Zerocopy & Splice
The zero_copy proxy mode forwards a connection by moving bytes between the client socket and the backend socket inside the kernel, without copying them into Infrarust's address space. On Linux it does this with the splice(2) syscall. The mode is part of the forwarding family (passthrough, zero_copy, server_only): once the handshake is read and a backend is chosen, the rest of the connection is relayed byte for byte. Nothing reads or parses the packet stream after that point, which is exactly what makes the kernel path possible and what it costs you.
Two forwarders
The transport layer (crates/infrarust-transport/src/forward.rs) has two strategies behind one Forwarder trait, and select_forwarder(mode) picks between them.
CopyForwarder is the portable one. It uses tokio::io::copy_bidirectional, which reads each direction into a userspace buffer and writes it back out. Every byte crosses the kernel boundary twice (read into the process, write out of it). This is the strategy used for every mode except zero_copy.
SpliceForwarder is the Linux-only one. It sets up a kernel pipe per direction and calls splice(2) to move data from the source socket into the pipe and from the pipe into the destination socket. The bytes never enter the process. There are two pipes, one for client to backend and one for backend to client, and each direction runs as its own splice loop. The default pipe size is 64 KiB (SpliceForwarder::new()); with_pipe_size lets a caller change it.
select_forwarder returns SpliceForwarder only for ProxyMode::ZeroCopy on a Linux build. Every other mode, and every non-Linux target, gets CopyForwarder.
How splice forwarding works
Each direction loops over two steps. First it waits for the source socket to be readable and splices from the socket into that direction's pipe (a "drain"). Then it waits for the destination socket to be writable and splices from the pipe into the destination (a "pump"), repeating the pump until the whole drained chunk has been written. Readiness is taken from the existing tokio TcpStream, using try_io so the syscall runs without a second epoll registration. EAGAIN from the kernel is mapped to WouldBlock and retried rather than treated as an error.
When the source returns EOF (a splice of 0 bytes), that direction half-closes the destination's write side with shutdown(Write). That EOF then propagates to the other direction, so the reverse loop drains whatever is left and finishes on its own. A CancellationToken covers a proxy shutdown: when it fires, both directions stop and the session ends with ForwardEndReason::Shutdown.
The forwarder reports a ForwardResult with the byte counts in each direction and the reason it ended (ClientClosed, BackendClosed, Shutdown, or Error).
Linux only
splice(2) is a Linux syscall, so SpliceForwarder is compiled only under #[cfg(target_os = "linux")]. On any other platform the symbol does not exist and select_forwarder returns CopyForwarder.

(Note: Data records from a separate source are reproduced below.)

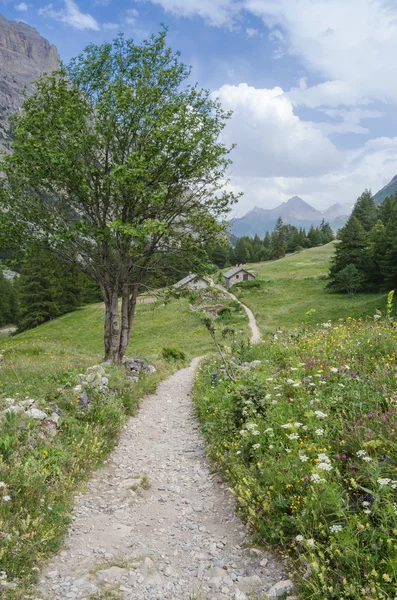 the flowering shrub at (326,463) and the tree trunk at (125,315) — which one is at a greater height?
the tree trunk at (125,315)

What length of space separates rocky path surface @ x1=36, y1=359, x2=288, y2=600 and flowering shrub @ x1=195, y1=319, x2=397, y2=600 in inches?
18.6

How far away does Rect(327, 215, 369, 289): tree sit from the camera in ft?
191

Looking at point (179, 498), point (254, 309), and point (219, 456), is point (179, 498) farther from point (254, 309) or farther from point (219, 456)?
point (254, 309)

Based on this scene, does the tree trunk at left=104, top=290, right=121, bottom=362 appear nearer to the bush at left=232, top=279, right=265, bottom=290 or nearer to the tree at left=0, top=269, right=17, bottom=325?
the bush at left=232, top=279, right=265, bottom=290

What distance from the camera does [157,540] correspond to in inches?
220

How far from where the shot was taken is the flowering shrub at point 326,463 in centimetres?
390

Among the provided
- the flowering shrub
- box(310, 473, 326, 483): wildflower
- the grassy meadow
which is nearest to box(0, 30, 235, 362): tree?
the grassy meadow

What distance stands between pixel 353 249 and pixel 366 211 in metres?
50.4

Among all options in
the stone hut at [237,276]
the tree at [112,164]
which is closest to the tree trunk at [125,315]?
the tree at [112,164]

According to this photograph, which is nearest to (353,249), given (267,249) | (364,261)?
(364,261)

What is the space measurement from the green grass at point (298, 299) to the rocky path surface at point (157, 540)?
25422 mm

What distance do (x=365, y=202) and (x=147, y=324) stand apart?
8562 cm

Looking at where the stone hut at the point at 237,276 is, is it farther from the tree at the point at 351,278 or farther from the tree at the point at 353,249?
the tree at the point at 351,278

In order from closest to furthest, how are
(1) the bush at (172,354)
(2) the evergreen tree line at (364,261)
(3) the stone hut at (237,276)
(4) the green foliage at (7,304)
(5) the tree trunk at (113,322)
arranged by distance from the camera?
(5) the tree trunk at (113,322) → (1) the bush at (172,354) → (2) the evergreen tree line at (364,261) → (3) the stone hut at (237,276) → (4) the green foliage at (7,304) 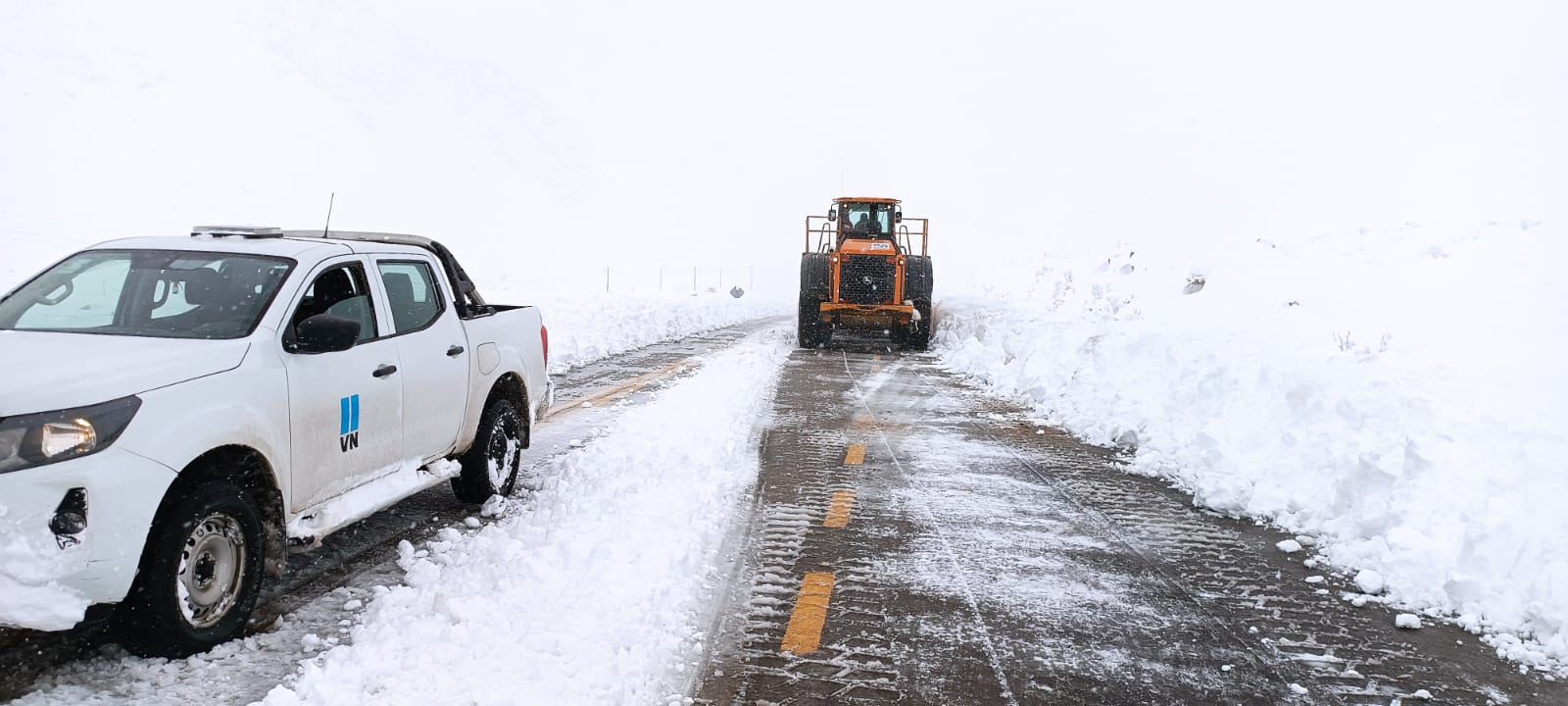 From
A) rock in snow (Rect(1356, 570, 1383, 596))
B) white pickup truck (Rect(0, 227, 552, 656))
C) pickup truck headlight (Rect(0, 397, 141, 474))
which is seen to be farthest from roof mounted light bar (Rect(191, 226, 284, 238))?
rock in snow (Rect(1356, 570, 1383, 596))

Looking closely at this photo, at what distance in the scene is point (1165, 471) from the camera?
8102 mm

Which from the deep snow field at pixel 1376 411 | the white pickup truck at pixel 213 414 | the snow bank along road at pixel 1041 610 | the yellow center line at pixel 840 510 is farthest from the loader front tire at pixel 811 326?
the white pickup truck at pixel 213 414

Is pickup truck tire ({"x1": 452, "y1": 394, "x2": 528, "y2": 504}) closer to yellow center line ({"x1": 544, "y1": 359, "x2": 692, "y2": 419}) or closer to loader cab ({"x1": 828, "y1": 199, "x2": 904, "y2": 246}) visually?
yellow center line ({"x1": 544, "y1": 359, "x2": 692, "y2": 419})

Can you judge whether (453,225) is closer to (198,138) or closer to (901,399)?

If you set proxy_mode = "zero_copy" and run on Linux, you get the splice path. If you set it on macOS or Windows, the proxy does not refuse to start: config validation logs a warning (proxy_mode = zero_copy is only supported on Linux) and the connection is forwarded with the portable CopyForwarder instead. The behavior is correct either way, just not zero-copy off Linux.
TIP
If you want the splice path, deploy on Linux. On other platforms zero_copy behaves like passthrough (a userspace copy) and the only signal is a startup warning, so do not assume the kernel path is active just because the mode is set.
What it precludes
The reason zero_copy is fast is the reason it is limited: after the handshake, Infrarust never sees the packet stream. It hands both sockets to the kernel and stops looking. That rules out everything that depends on reading or rewriting packets.
- No packet inspection. Once forwarding starts, the proxy reads nothing, so it cannot act on chat, plugin messages, or any in-stream event.
- No limbo. Holding a player on the proxy needs the proxy to speak the protocol to that player, which a raw relay cannot do.
- No server switching. Moving a player to another backend means re-driving login and play packets, and there is nothing in the byte stream the proxy is willing to read.
- No in-game commands on this path. The
/infrarustcommand is intercepted by parsing chat packets, which a forwarding mode does not do.
In the plugin API these are the passive modes. A Player on a zero_copy (or passthrough) connection is not active, so send_message, switch_server, and similar methods return PlayerError::NotActive. See In-game commands for what the active modes expose, and Config Schema for the full proxy_mode list.
If you need any of those features, use an intercepted mode (client_only or offline). Those parse the packet stream and pay the userspace-copy cost in exchange for the ability to act on it.
Choosing zero_copy
Reach for zero_copy when the backend handles authentication and play, and Infrarust is there to route by domain and move bytes as cheaply as possible. It is the lowest-overhead forwarding mode on Linux and a good fit for a status or routing front end where you do not need limbo, switching, or any packet-level feature.
# servers/survival.toml
domains = ["survival.mc.example.com"]
addresses = ["10.0.1.5:25565"]
proxy_mode = "zero_copy"2
3
4
For the wider set of throughput knobs (worker threads, SO_REUSEPORT, and where zero_copy fits among them), see Performance Tuning.